Somehow, the Dodge RAM kept up. It was right there behind them, its bull bar enormous. Perhaps its driver had taken a course in vehicular warfare.
Slater had to slow a touch to scour every turnoff on Park Avenue.
It should be right here…
There.
A right turn onto East 36th Street, and they’d come upon the north face of the long building that housed the consulate.
Slater slowed fractionally to turn.
The Dodge smashed into them from the back, throwing them both forward.
His head bounced off the steering wheel.
93
The President of El Salvador was ice as he clutched the phone.
You had to be, doing what he did.
Lording over a country where seven hundred thousand families lived in dire poverty.
You couldn’t let your conscience get in the way of anything.

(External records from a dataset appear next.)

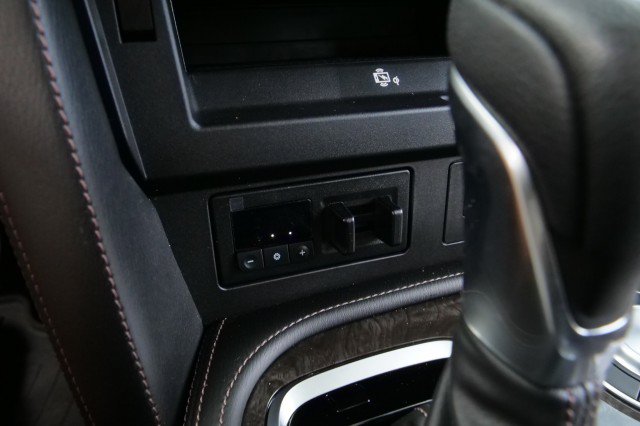 Used 2023 Nissan Armada Platinum w/ Captain's Chairs Package RWD image 20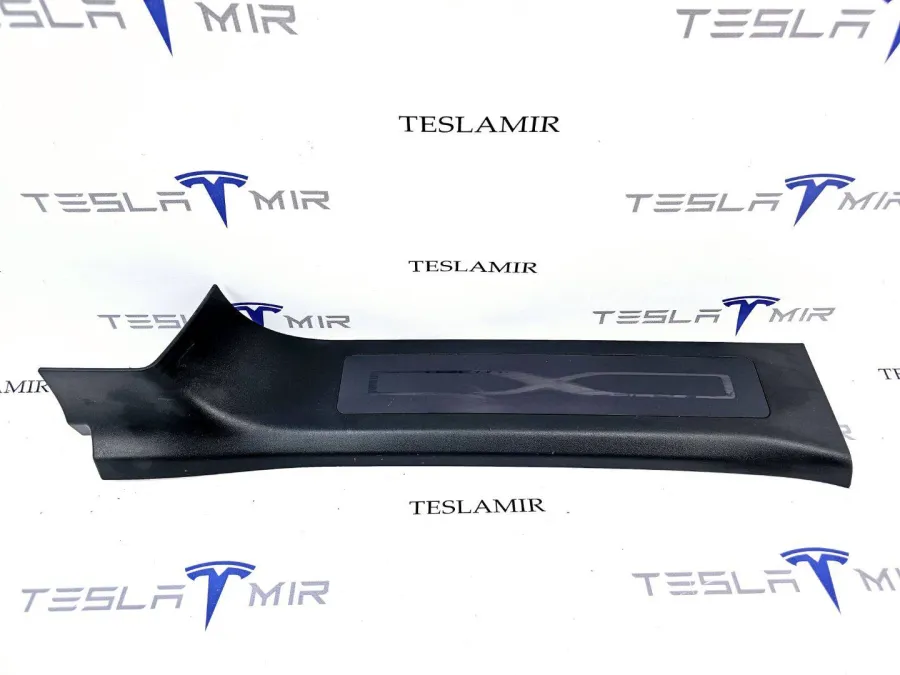 Накладка стойки С внутренняя правая нижняя Tesla Model X 2018 — фото 1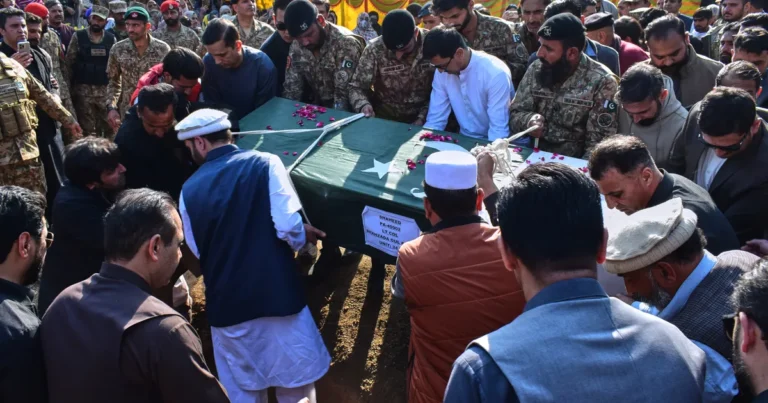 Afghan Authorities Say Pakistani Strikes Kill 4, Wound 70 as Border Violence Threatens Fragile Talks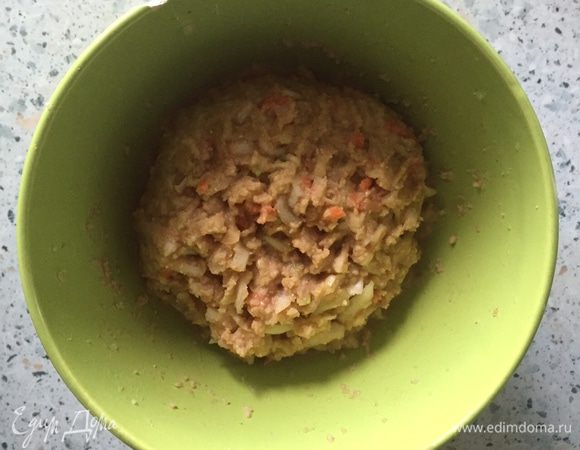 Хорошо перемешиваем все ингредиенты и формируем тесто.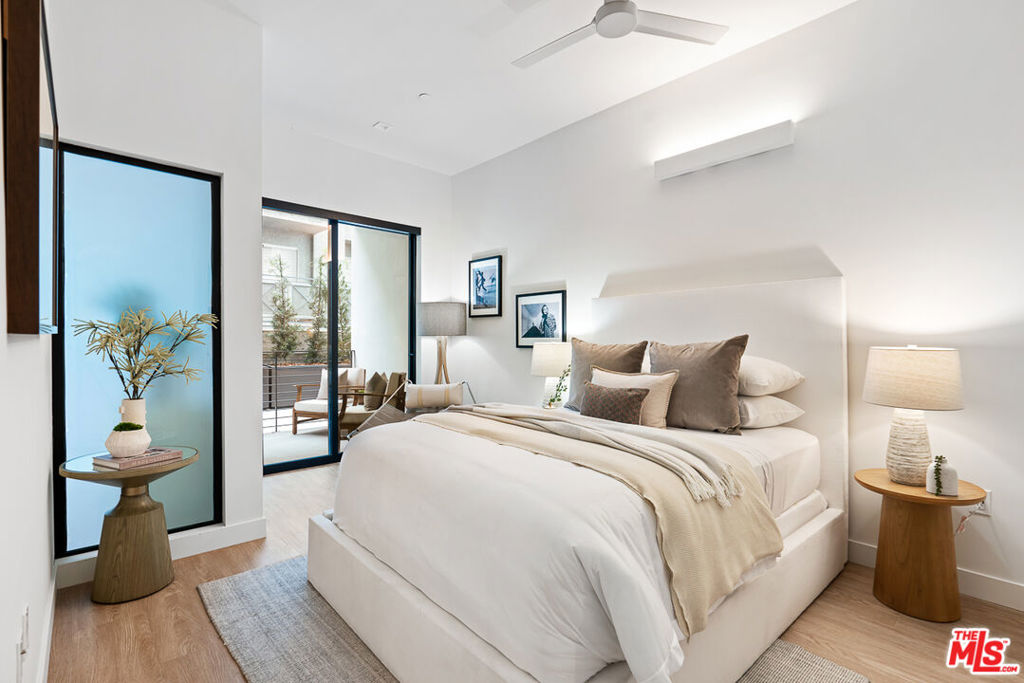 3688 Overland Avenue 702 Property Photo 9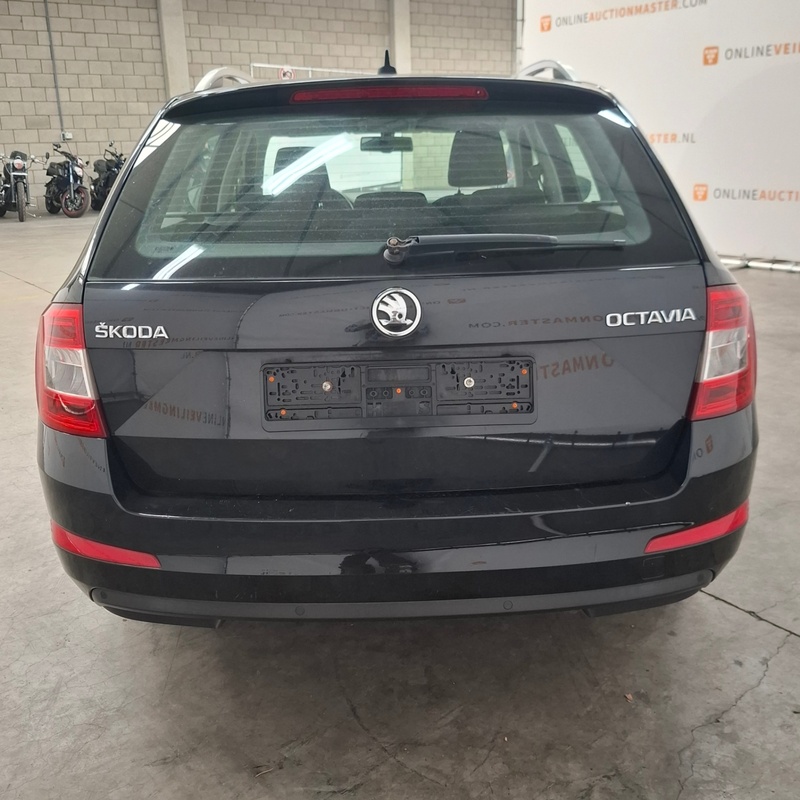 Personenauto, Skoda, Octavia Combi 2.0 TDI Greentec, 2015 – foto 6 – kavel bij Domeinen Roerende Zaken, Soesterberg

He’d sent everyone out of the room when he got the gist of the call. He sensed cold fury stirring in him, and he knew what that meant. He had a temper that made everyone quake, and now it was here, and it had him in its grip.
He held the phone so hard he thought he might break it, and said, ‘César, are you under duress?’
Vásquez took a long time to answer.
Finally, the tycoon said, ‘Does it matter?’
He had a point.
The President said, ‘If you’re being held hostage, I’ll bring everything down on them. I’ll crush them.’
‘It’s not that,’ Vásquez said, his voice shaking through the receiver. ‘Nothing you do will make a difference. And you don’t have a choice here.’
‘You know you’re signing your own execution if I go through with this?’
‘We’ll cross that bridge when we come to it.’
The President said, ‘I’ll have you skinne
d alive.’
‘I understand that,’ Vásquez said. ‘But you will do this for me. This instant. Or I’ll do exactly what I laid out. Our beautiful country will be driven into a pit from which it won’t emerge. Not for a long time. You won’t be alive to see the recovery. You know what I can do with my empire. What I can jeopardise.’
The President heard something snap inside the phone. He took a deep breath and eased off the pressure of his grip.
The device still worked.
He said, ‘Be careful about how you answer this. It’s the last time I’ll ask you. If I do this for you, you will have made an enemy of me for life. Understand that. Are you sure this is what you want?’
‘Do it,’ Vásquez said, and the President thought he heard the old man fighting back tears. ‘Or I’ll ruin everything.’
The President hung up without another word.
He burst up out of his chair like he was possessed and overturned his desk, which was no small feat. The desk was solid oak. The floor vibrated as the surface slammed down on the floor, crushing a vase that had fallen off.
An aide burst into the room.
‘Get the fuck out!’ the President roared.
The young man scurried out.
The President stared at the phone in his hands for maybe a minute.
Then he realised he didn’t have time, and he dialled a number.
94
Vásquez’s eyes went wide.
He took the phone away from his ear.
He was still in the same position, lying on Alexis, who he wore like a backpack. Her forearm hadn’t budged, an inch from crushing his throat. He looked helpless and now scared.
Violetta took the phone. ‘What happened?’
Vásquez’s bloodshot eyes bugged as his voice trembled. ‘He hung up.’
‘Did he say he’d do it?’
Vásquez’s voice was weaker. The adrenaline dump had faded him, leaving him tired and terrified. ‘Yes.’
‘Are you sure?’
‘Yes,’ Vásquez repeated, but not as confidently.